What’s cooking? Chefs decode trends from the gastronomy world this year | DNA India

By October 16, 2018Food trends

 Clockwise: Jewish food is gradually gaining popularity; Many people have included quinoa in their diet; Activated Charcoal bao and burger. —Pictures for representational purposes only

The culinary sphere has never been so exciting before. And thanks to globalisation, new ingredients, superfoods, dishes, cooking techniques and cuisines, etc, are taking the world by storm every now and then. The world over, chefs are constantly pushing the envelope and taking food to new heights. After Hrs asked well-known chefs to share their insights as to what trends they have observed this year, so far…

Cultural Identities Have Been Established Through Cuisine

“This was the year of the grain, for a couple of reasons. One being, gluten-intolerance was not just a fad. Indians realised that even after eating so much of wheat, we can be gluten-intolerant and started looking for alternatives. The grain movement started with people incorporating quinoa in their diet. And in a way, it also prompted us to look at our own homegrown stuff such as ragi and amaranth. It awakened us to the fact that we are also very rich in grains and we don’t have to depend on South America for nutrition. The world, and our nation, has looked beyond wheat and rice in 2018. That, for me, is really significant. The other big trend is  that we have established cultural identity through food. You don’t see political identities anymore. It’s no longer Maharashtrian cuisine ­— there’s Konkani, Malvani, Kolhapuri, etc. The evolution of chefs continued in 2018. They had become larger than life earlier but now you can see the more human side to them — traveller, adventurous and passionate. People want to know where they get their inspiration from,” opines Chef Ranveer Brar, anchor and host, The Station Master’s Tiffin, Living Foodz.

Israeli, Yemeni, Jewish And Traditional Indian Cuisines Find Favour

“Overall, sensible and responsible eating is the trend. People are worried about the quality of food, be it Indian or other international cuisines. The quantum of plant-based stuff and protein quotient has gone up. Also, more people are turning vegetarian as well as vegan and consuming less meat. Dishes using ancient grains, like buckwheat and a variety of millets, have become more popular. Besides shopping often at various farmer’s markets in the city on Sundays, people are also interested in urban farming; they want artisanal, customised food and eat clean. Newer varieties of cuisines like Israeli, Yemeni, Jewish and the food of the hinterland are finding favour,” says Chef Vicky Ratnani, Culinary Director, Hello Green & GPIL.

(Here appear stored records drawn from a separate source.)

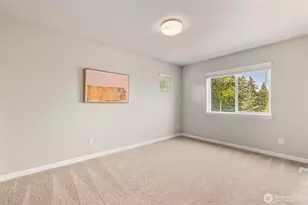 6651 S 298th Pl, Auburn, WA 98001 - Photo 25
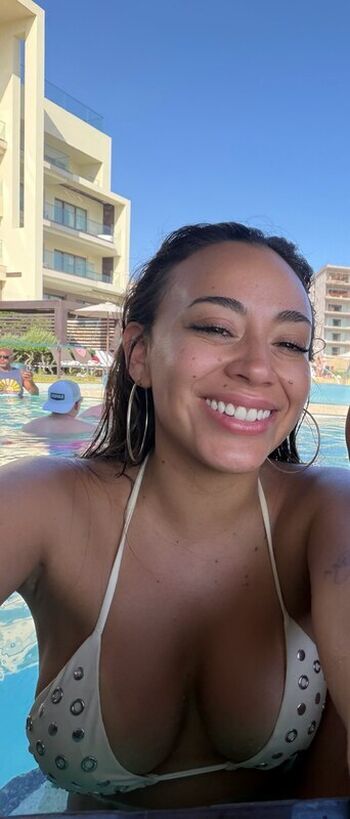 Jass Reyes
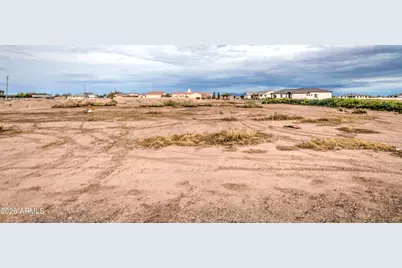 22724 W Passeo Way #3, Buckeye, AZ 85326 - Photo 8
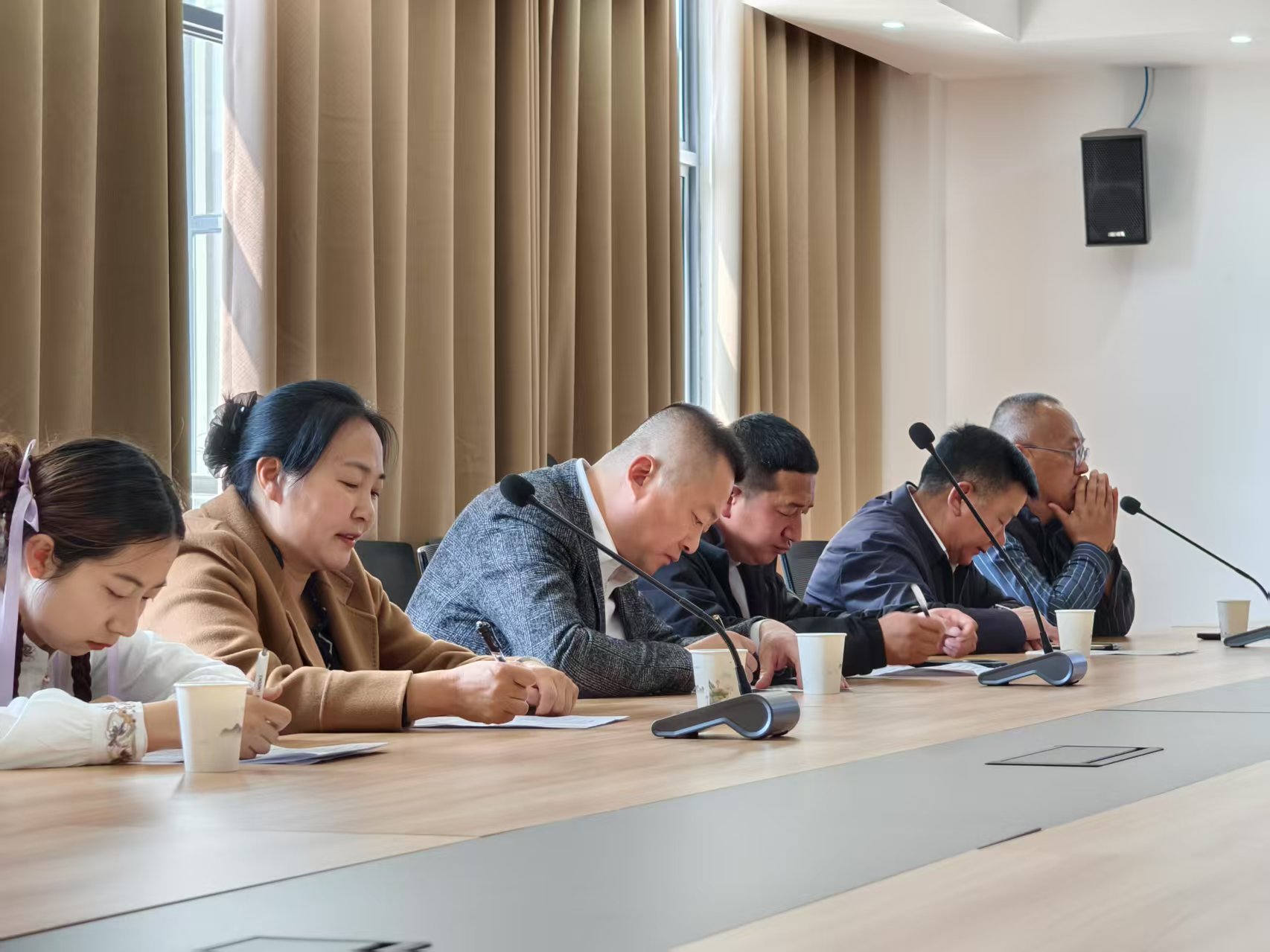 本周丽江放大招！首届中医药健康养生文化季来袭，家门口畅享省级专家诊疗 (4).jpg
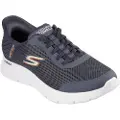 SKECHERS Go Walk Flex Treningssko
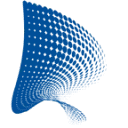 Logo van PinkRoccade Local Government
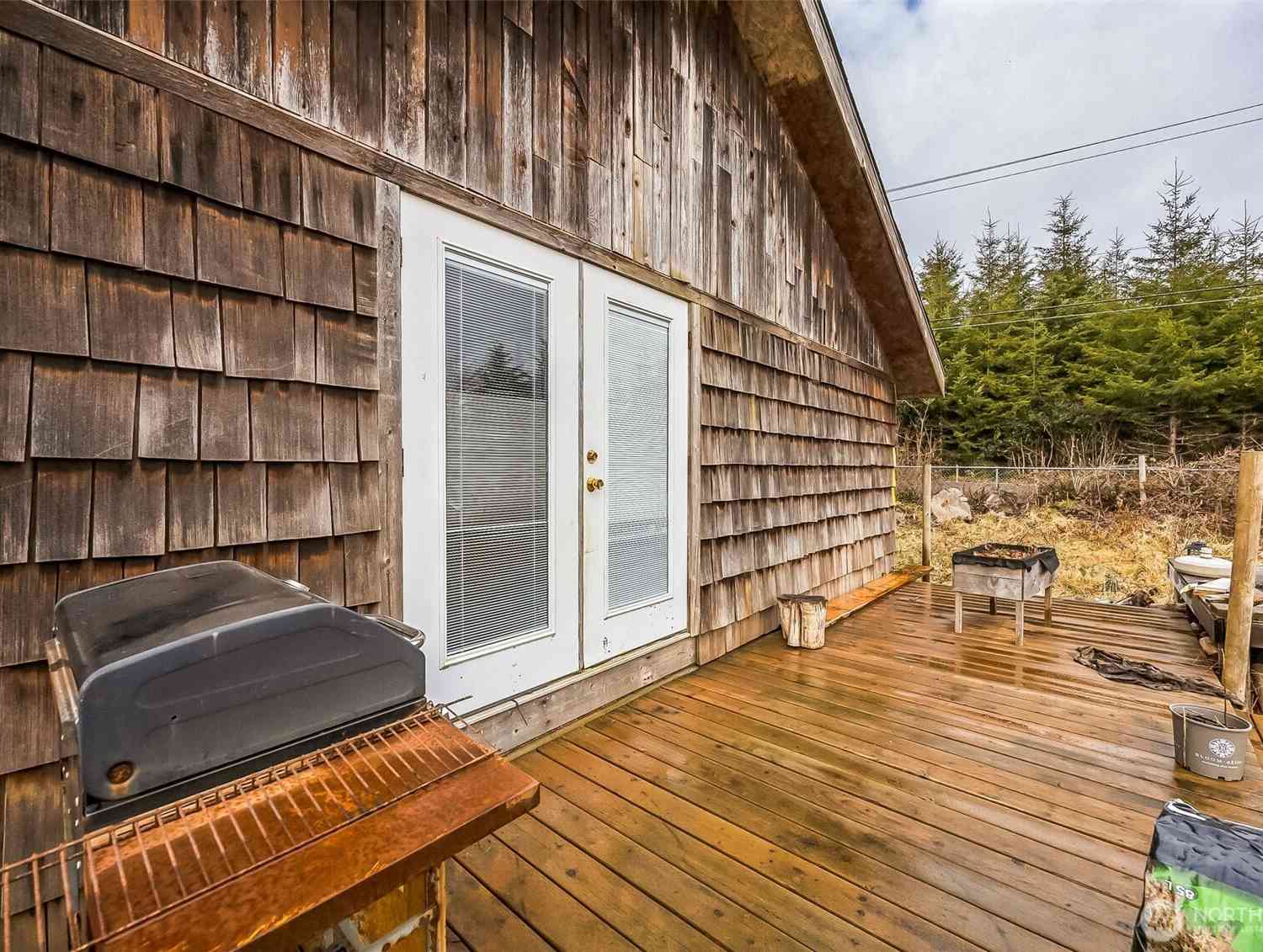 184 Copalis Beach Road, Copalis Beach, Washington image 3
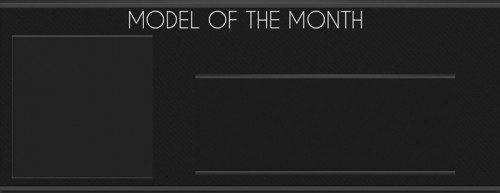 model-of-the-month-sample.jpg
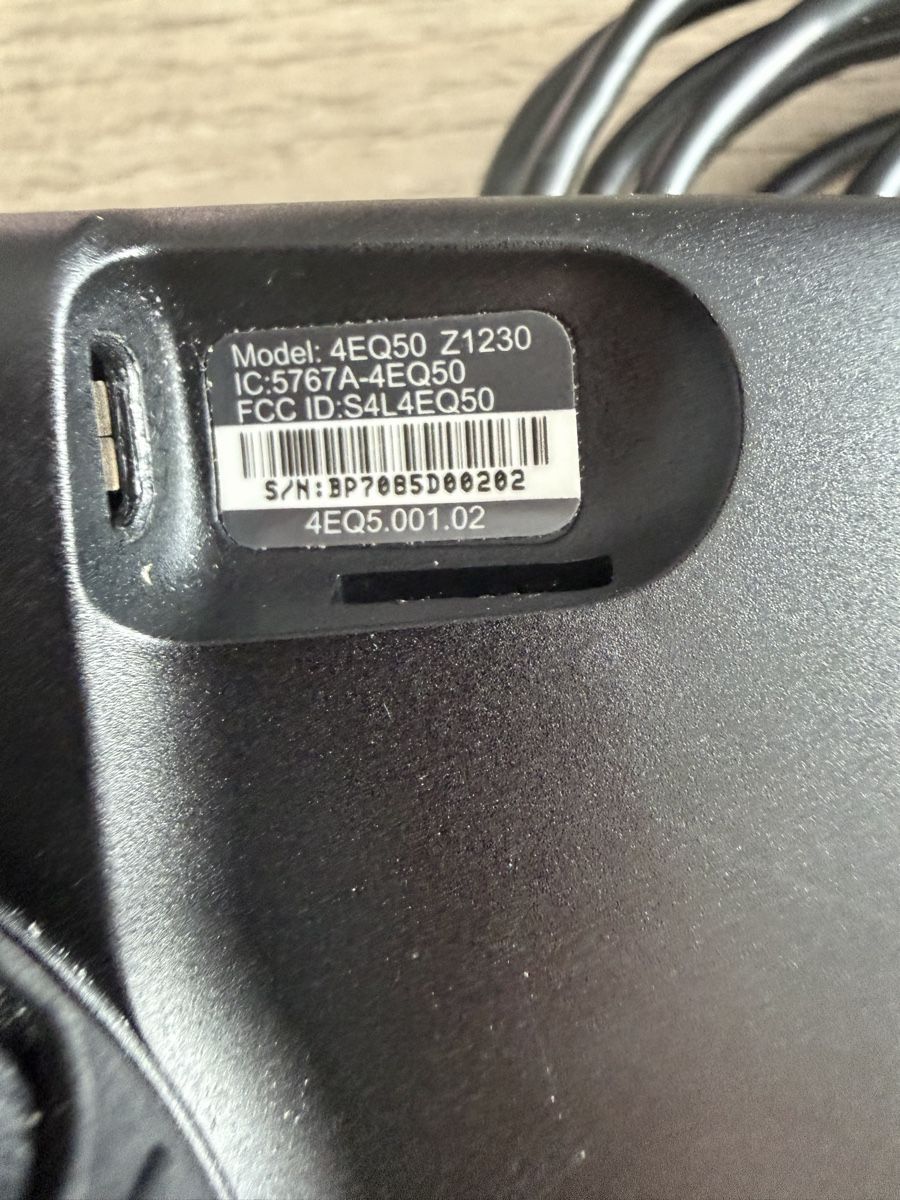 Tomtom Navigationsgeräte: Navi TomTom – Gebraucht aus Emmenbrücke von Marktonline 3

Activated Charcoal Finds Its Way Into Baos, Dimsums, Burgers And Sliders

“Moringa gained popularity this year and has also proved to be a rich source of minerals, amino acids and vitamins. Avocado toast has been featured on our menu at Luna and has been our signature dish this year. Activated Charcoal has found its place on our menus and has been featured in baos, dimsums, burgers and sliders,” states Chef Paul Kinny, director of culinary, The St Regis Mumbai.

Dishes That Are Social Media-Friendly And Evoke A Sense Of Drama Gain Popularity

Few of the food trends were big on raw fish, protein-based nosh for fitness reasons, one-bowl meals, nut butter, fermentation, pickling, seasonal and vegetable-centric dishes and zero-waste cooking. Indian local cuisine, in particular, has become popular with lots of millet-based dishes. “Platters need to be social media-friendly and this might be one of the reasons people are looking for great-looking ones that evoke a sense of drama in their presentation,” Chef Prashanth, Executive Chef, The Fatty Bao says.

Vegans Are The New Consumer Segment

“Healthy eating has been at the forefront for the last couple of years and it did influence the trends this year, too. There was a lot of talk about superfoods, healthy powders like matcha and flaxseed. Regional cuisines were also popular. Quinoa and matcha have had a fair share of the limelight in the superfood domain. The new entrants are plant seeds (pumpkin, sunflower, etc.) and wild berries (Himalayan seabuckthorn, Goji berries). Regional, deep-rooted, unexplored was given its due importance and it was appreciated by both chefs and customers. The consumer is always looking for something new, whether it’s a cuisine, a novel take on an already featured one or an ingredient. That is what has driven the F&B industry for some years now. Another trend, is that more and more people are turning towards vegetarianism and veganism. This has given birth to a newer segment of consumers to satisfy,” says chef Anshuman Bali, executive chef, JW Marriott Mumbai Sahar.